Optimal war für Weinzierl bis dahin trotzdem nicht alles verlaufen, denn eine Wohnung oder ein Haus für seine Familie hatte er in der Umgebung noch nicht gefunden. Das Problem war oft dasselbe: "Der Vermieter hat etwas Langfristiges gesucht."

Während Weinzierl im Juni 2016 noch viele Lacher erntete, lacht im Juni 2017 nur jener Vermieter, der vor zwölf Monaten ein goldenes Näschen bewies.

Nach wieder mal nur einem Jahr zieht der FC Schalke die Reißleine und trennt sich von Weinzierl. Mit Ablauf der Spielzeit, die für Königsblau auf Platz zehn und ohne Europacup endete, hatte noch alles danach ausgesehen, als würde Heidel Weinzierl eine zweite Chance geben.

Schließlich wollte das Gespann gemeinsam etwas aufbauen und es seinen Vorgängern zeigen, die in den Vorjahren unzählige Male Trainer und Management ausgetauscht hatten.

Heidel erkennt kein Konzept und reagiert

Schon vor wenigen Wochen hatte Heidel in seinem Saisonfazit scharfe Kritik an Weinzierl geübt, die erste Risse im Verhältnis vermuten ließ. "Ich möchte, dass die Mannschaft ein klares Konzept auf dem Platz zeigt.

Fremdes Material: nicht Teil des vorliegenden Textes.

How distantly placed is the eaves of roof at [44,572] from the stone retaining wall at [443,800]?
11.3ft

Das habe ich nicht erkannt."

Eine Trennung von Weinzierl, der Schalke immerhin rund vier Millionen Euro Ablöse gekostet hatte und noch einen Vertrag bis 2019 besitzt, schloss Heidel damals aber aus. "Das Thema will ich überhaupt nicht aufmachen", sagte er, "wir werden einen Weg finden, dass die nächste Saison besser läuft und Schalke besser Fußball spielt. Dabei werden wir sehr, sehr viel Wert auf ein Spielkonzept legen."

Nachdem Heidel in dieser Woche aus seinem Urlaub zurückgekehrt war, kam es zu einem dreistündigen Krisengipfel mit Weinzierl, der ihn dabei offenbar nicht mehr von seinem Konzept überzeugen konnte. Zusammen habe man "die gesamte Saison auf den Prüfstand gestellt. Das Ergebnis unserer Überlegungen ist, dass wir Veränderungen vornehmen müssen, um die von uns gewollte Entwicklung vorantreiben zu können. Dies beinhaltet auch eine Neubesetzung der Position des Chef-Trainers."

Auch wenn der Schritt nicht mehr erwartet wurde, wirklich überraschend ist die Trennung nicht. Mit 1,26 Punkten im Schnitt war Weinzierl nochmals deutlich schlechter als sein Vorgänger Breitenreiter (1,53). Selbst Roberto di Matteo oder Fred Rutten (beide 1,48) weisen eine bessere Bilanz auf als der ehemalige Augsburg-Coach.

Neben der schwachen Ausbeute war es der zumeist fußballerische Offenbarungseid auf dem Feld, der den treuen Anhängern zusetzte. Ein Fortschritt, wie Heidel richtig erklärte, war kaum zu sehen.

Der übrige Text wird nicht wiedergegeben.